— Instructions to follow —
Return the full listing unchanged, apart from leaving out its images.

— Recorded information —
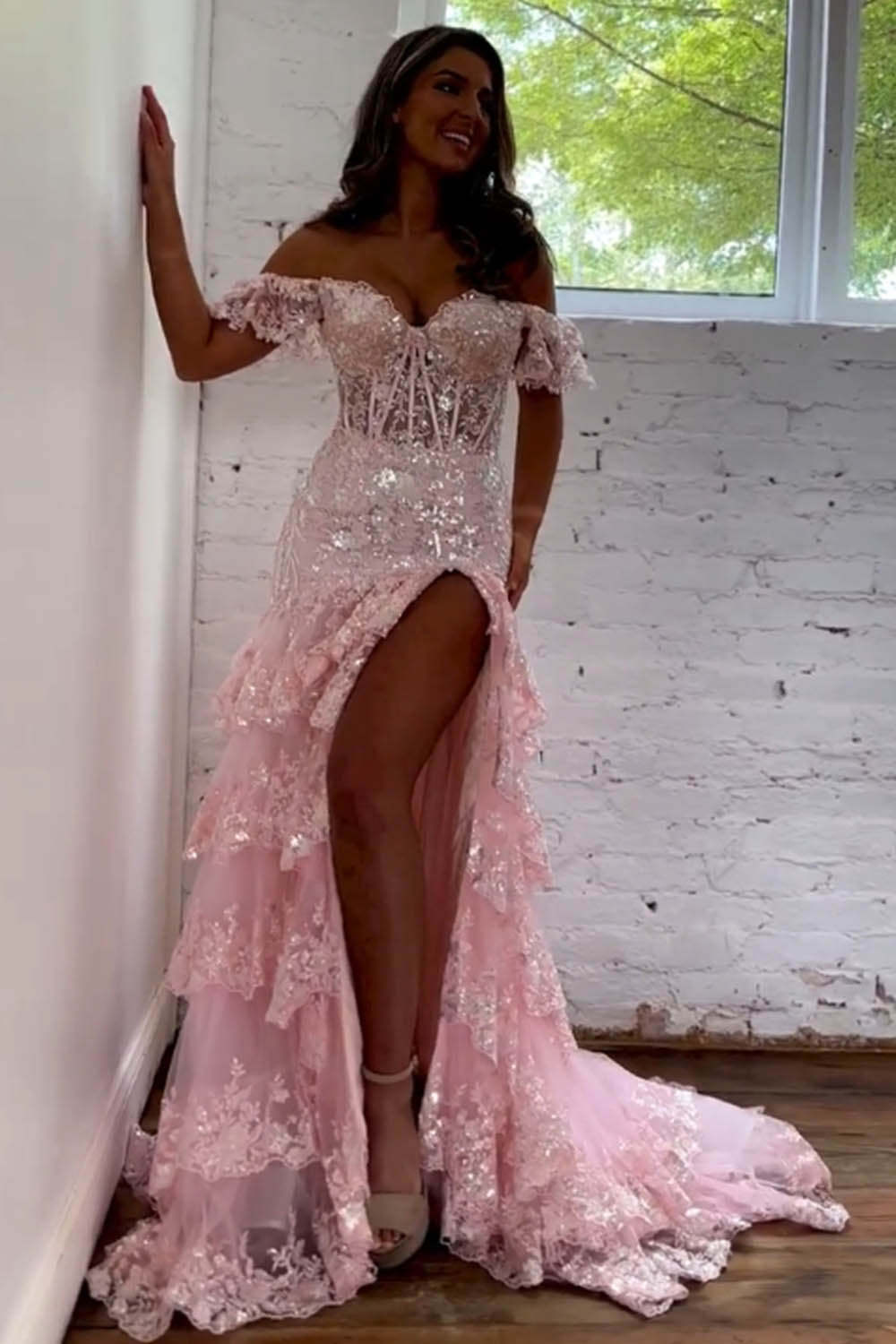 Gorgeous Off The Shoulder Mermaid Glitter Prom Dress With Appliques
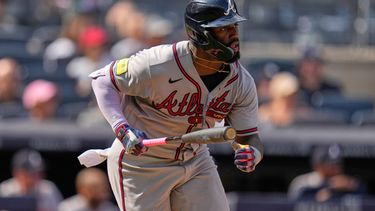 Michael Harris II, de los Bravos de Atlanta, observa su sencillo impulsor durante la décima entrada de un partido de béisbol contra los Yankees de Nueva York, el domingo 9 de agosto de 2026, en Nueva York. (Foto AP/Seth Wenig)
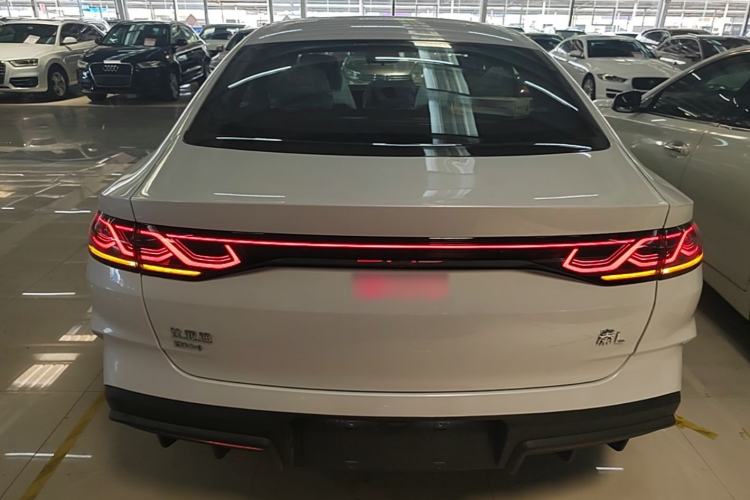 BYD Qin L 2024 — 5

— Result of this exercise —
 Gorgeous Off The Shoulder Mermaid Glitter Prom Dress With Appliques
 Michael Harris II, de los Bravos de Atlanta, observa su sencillo impulsor durante la décima entrada de un partido de béisbol contra los Yankees de Nueva York, el domingo 9 de agosto de 2026, en Nueva York. (Foto AP/Seth Wenig)
 BYD Qin L 2024 — 5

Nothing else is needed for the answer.